◆ **DATA SHOWN**
══════════════════════════════
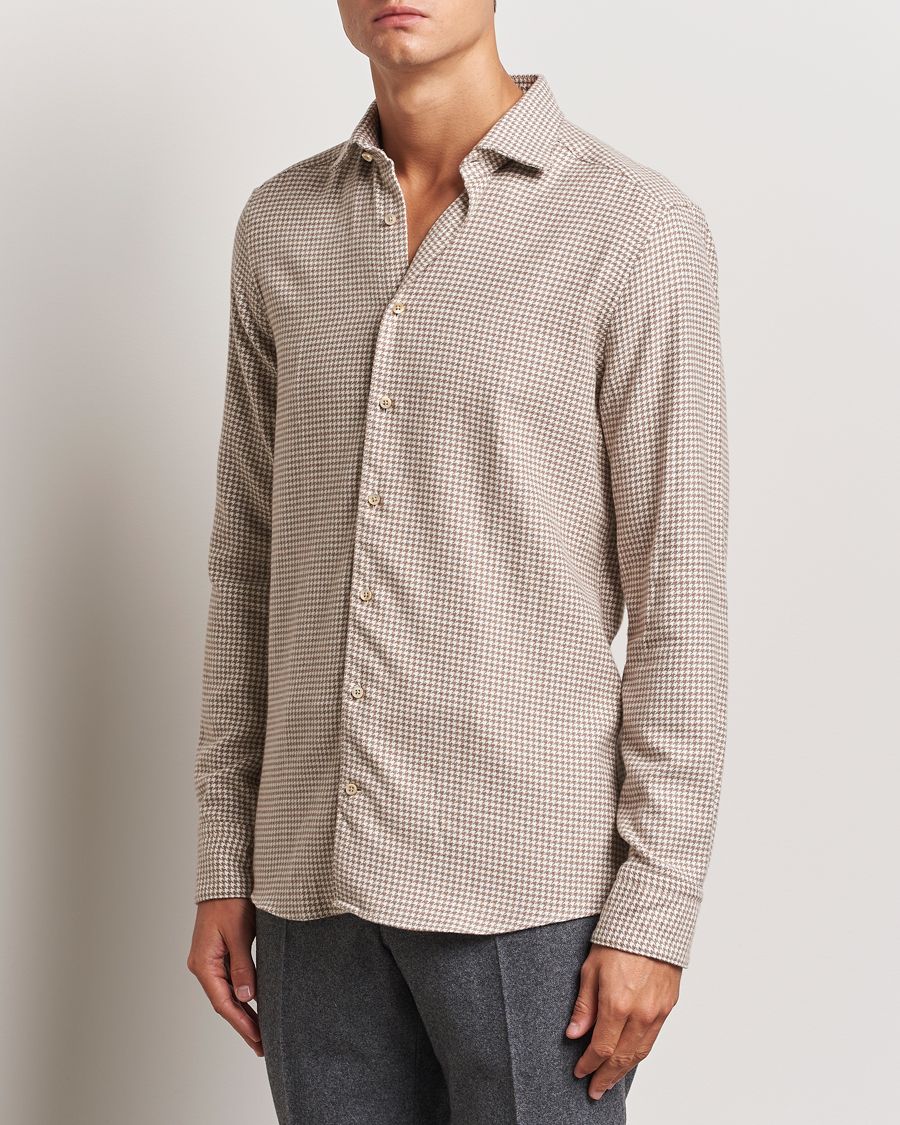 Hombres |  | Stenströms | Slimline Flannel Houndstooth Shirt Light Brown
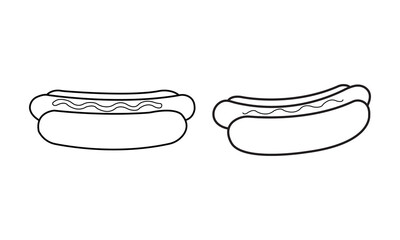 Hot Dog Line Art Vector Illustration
══════════════════════════════
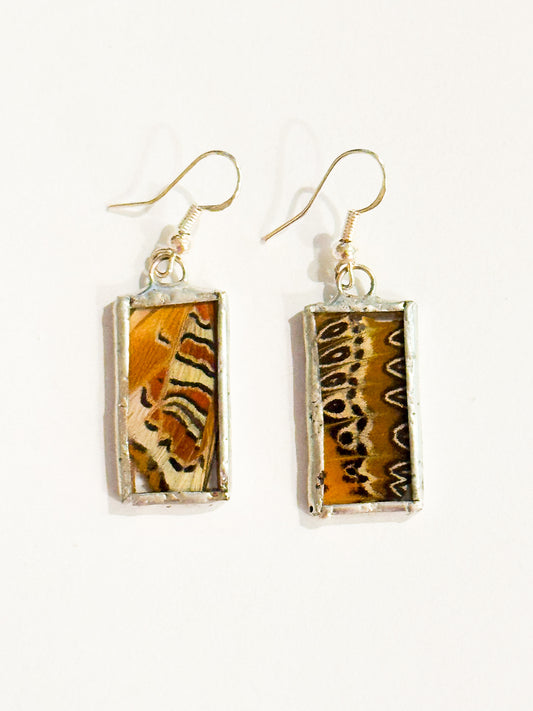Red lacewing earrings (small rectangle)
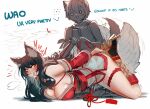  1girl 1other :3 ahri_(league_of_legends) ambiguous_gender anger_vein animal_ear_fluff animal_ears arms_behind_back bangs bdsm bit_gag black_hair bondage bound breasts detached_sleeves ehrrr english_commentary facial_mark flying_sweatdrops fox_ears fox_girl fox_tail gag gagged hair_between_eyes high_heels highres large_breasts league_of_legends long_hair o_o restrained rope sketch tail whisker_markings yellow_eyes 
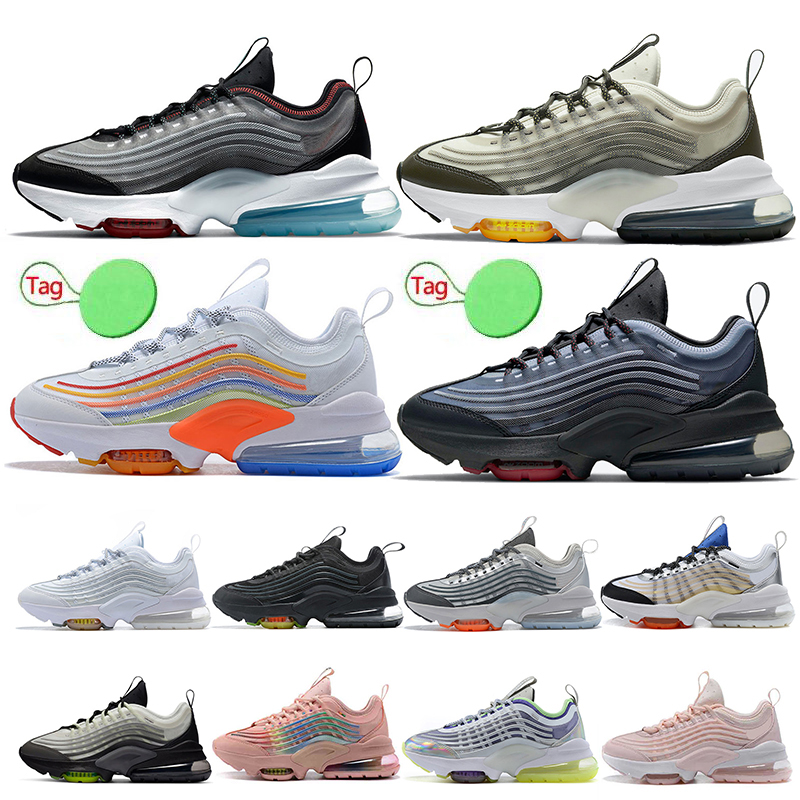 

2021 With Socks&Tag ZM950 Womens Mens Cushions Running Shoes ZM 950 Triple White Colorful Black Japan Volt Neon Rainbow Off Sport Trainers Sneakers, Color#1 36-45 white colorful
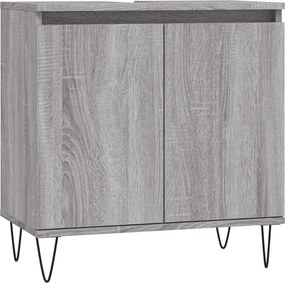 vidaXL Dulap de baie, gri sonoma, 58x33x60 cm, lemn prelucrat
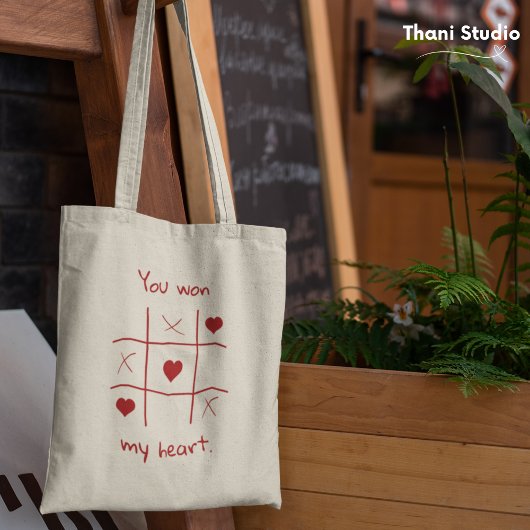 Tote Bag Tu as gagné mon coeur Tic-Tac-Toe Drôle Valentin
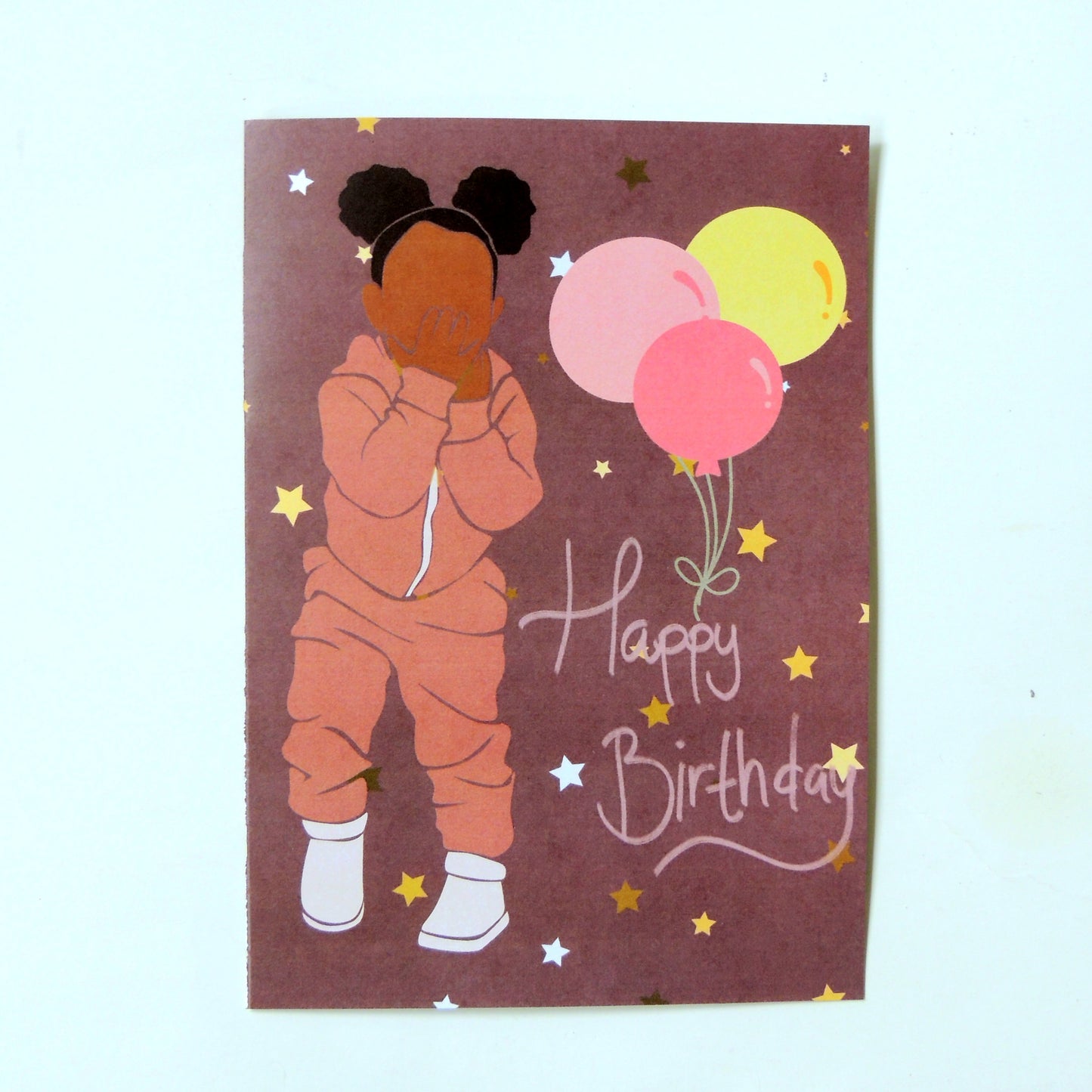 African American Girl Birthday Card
══════════════════════════════
◆ **EXERCISE PROMPT**
Within the listing above, the lines from the one with "vidaXL Dulap de" through the one with "African American Girl Birthday Card" are to be given again word for word. Do not include pictures.

◆ **SOLUTION FOR THIS EXERCISE**
 vidaXL Dulap de baie, gri sonoma, 58x33x60 cm, lemn prelucrat
 Tote Bag Tu as gagné mon coeur Tic-Tac-Toe Drôle Valentin
 African American Girl Birthday Card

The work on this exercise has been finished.